Held: Interest does not include fees paid to the lender. “We conclude that consistent with the history, purpose, and text of Section 50(a)(6)(E), ‘interest’ as used in that provision means the amount determined by multiplying the loan principal by the interest rate.”

Rationale: The functions of “interest” in applying the constitutional fee cap for home equity loans and in prohibiting usury are inversely related. If the word is given the same meaning in both contexts, then including lender-charged fees in “interest” strengthens usury laws and weakens the fee cap, though both are designed to protect consumers. That this was the intent of the framers and ratifiers of Section 50(a)(6)(E) is simply implausible.

Note. The Court’s conclusion raises an issue with discount points and pre-paid interest. Lenders should review their practices. In this context, Footnote 104 provides: “This narrower definition of interest does not limit the amount a lender can charge for a loan; it limits only what part of the total charge can be paid in front-end fees rather than interest paid over time.

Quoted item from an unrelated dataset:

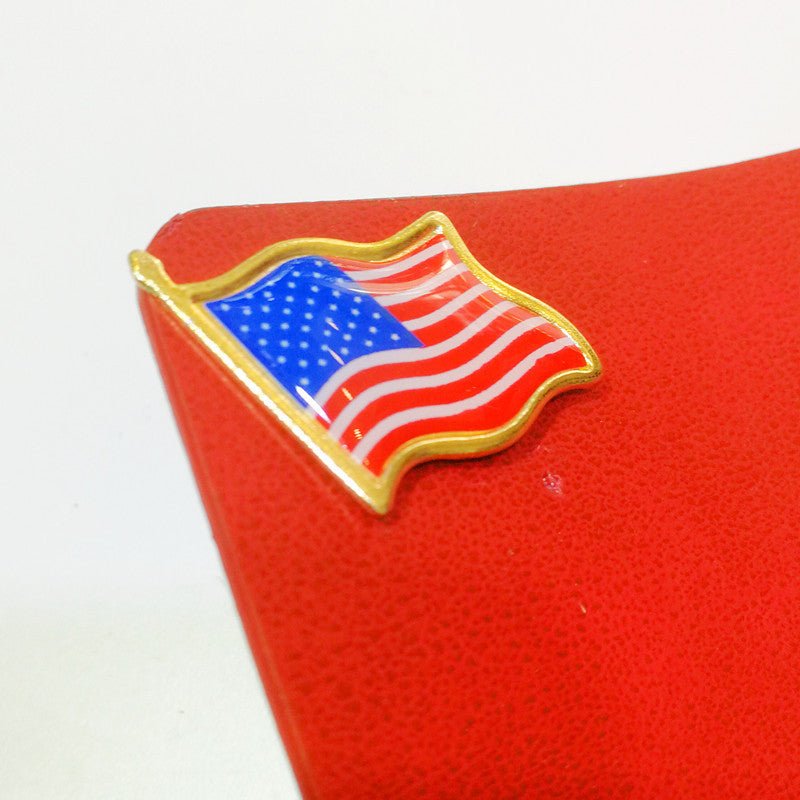 American Flag epoxy brooch badge on red background.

In so doing, it incentivizes lenders to determine borrowers’ creditworthiness more carefully and helps borrowers better assess the costs of credit.”

2. Closing Location/Power of Attorney - Section 50(a)(6)(N) provides that a loan may be “closed only at the office of the lender, an attorney at law, or a title company.” The Commissions interpreted this provision to allow a borrower to mail a lender the required consent to having a lien placed on his homestead and to attend closing through his attorney-in-fact.

Held: A loan may be closed only at the office of the lender, an attorney at law, or a title company. “We conclude that the Commissions’ interpretations of Section 50(a)(6)(N) contradict the purpose and text of the provision and are therefore invalid.”

Rationale: Closing a loan is a process. It would clearly be unreasonable to interpret Section 50(a)(6)(N) to allow all the loan papers to be signed at the borrower’s house and then taken to the lender’s office, where funding was finally authorized. Closing is not merely the final action, and in this context, to afford the intended protection, it must include the initial action. Executing the required consent or a power of attorney are part of the closing process and must occur only at one of the locations allowed by the constitutional provision.

3. Notice/Presumption - Section 50(g) requires that a loan not be closed before the 12th day after the lender “provides” the borrower the prescribed notice. Did the Commissions correctly interpret Section 50(g) to permit a rebuttable presumption that notice is received, and therefore provided, three days after it is mailed?

Held: Yes, the interpretation is a reasonable procedure for establishing compliance with Section 50(g).

Rationale: In giving meaning to “provides”, the Commissions have determined there is a rebuttable presumption that notice is received three days after it is mailed. The Homeowners insist that a lender must establish actual receipt of notice in each case.

But the Commissions’ interpretation does not impair the constitutional requirement; it merely relieves a lender of proving receipt unless receipt is challenged. We agree with the court of appeals that the interpretation is but a reasonable procedure for establishing compliance with Section 50(g).

The most important aspect of this opinion is that it makes all discount points and pre-paid interest for Texas home equity loans subject to the 3% cap.

All points and closing charges must be less than 3%.

The cap limits fees that are required.

An argument still exists that if discount points are optional and paid at the election of the borrower (i.e. the borrower could have obtained the loan at a higher rate without paying points), the points are not required and fall outside the cap.

However, there will be a fact issue in each case.

The opinion should only apply to new loans originated after the mandate is issued.

DISCLAIMER: Because of the generality of this update, the information provided herein may not be applicable in all situations and should not be acted upon without specific legal advice based on particular situations.